__MATERIAL FOR THIS TASK__:
###

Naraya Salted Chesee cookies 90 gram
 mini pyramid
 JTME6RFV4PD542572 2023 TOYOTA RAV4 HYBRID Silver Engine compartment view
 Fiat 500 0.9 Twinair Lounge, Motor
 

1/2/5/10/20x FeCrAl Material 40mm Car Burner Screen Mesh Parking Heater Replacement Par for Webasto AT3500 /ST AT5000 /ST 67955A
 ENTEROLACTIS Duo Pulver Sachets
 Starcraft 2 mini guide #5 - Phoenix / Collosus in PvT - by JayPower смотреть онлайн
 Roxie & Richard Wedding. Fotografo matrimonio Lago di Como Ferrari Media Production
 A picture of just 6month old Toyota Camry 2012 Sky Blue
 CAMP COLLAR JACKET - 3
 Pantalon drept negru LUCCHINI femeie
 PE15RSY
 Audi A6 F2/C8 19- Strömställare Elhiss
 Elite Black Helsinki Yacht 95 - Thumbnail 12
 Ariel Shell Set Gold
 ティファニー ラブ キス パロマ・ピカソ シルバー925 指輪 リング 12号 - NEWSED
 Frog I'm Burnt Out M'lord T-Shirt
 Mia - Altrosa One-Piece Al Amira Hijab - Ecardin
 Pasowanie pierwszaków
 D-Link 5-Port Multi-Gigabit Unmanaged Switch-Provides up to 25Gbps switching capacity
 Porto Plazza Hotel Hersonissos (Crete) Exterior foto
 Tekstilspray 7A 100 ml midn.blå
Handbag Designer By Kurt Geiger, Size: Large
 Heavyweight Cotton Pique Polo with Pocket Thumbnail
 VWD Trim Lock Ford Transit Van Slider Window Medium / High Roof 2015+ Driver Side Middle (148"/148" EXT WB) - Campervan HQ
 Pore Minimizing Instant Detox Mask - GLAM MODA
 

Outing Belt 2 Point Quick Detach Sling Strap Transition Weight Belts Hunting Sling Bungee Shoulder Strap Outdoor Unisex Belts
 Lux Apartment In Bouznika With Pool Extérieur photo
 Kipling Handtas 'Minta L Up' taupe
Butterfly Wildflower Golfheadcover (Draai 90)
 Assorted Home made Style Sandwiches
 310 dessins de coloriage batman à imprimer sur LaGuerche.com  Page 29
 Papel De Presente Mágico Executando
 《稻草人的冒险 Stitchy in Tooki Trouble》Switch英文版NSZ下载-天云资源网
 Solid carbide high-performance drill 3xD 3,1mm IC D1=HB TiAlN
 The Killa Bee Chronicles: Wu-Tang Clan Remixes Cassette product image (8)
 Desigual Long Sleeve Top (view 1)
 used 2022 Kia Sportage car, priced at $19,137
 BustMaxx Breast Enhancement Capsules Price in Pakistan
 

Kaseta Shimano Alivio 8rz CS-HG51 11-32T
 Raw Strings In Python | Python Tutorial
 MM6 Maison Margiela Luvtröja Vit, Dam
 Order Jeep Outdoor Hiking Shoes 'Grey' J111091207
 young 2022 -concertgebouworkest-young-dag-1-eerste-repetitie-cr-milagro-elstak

###

__TASK TO COMPLETE__: In the records, how many lines have the word "Outdoor" in them? Only the number is needed.

__COMPLETED TASK__: 2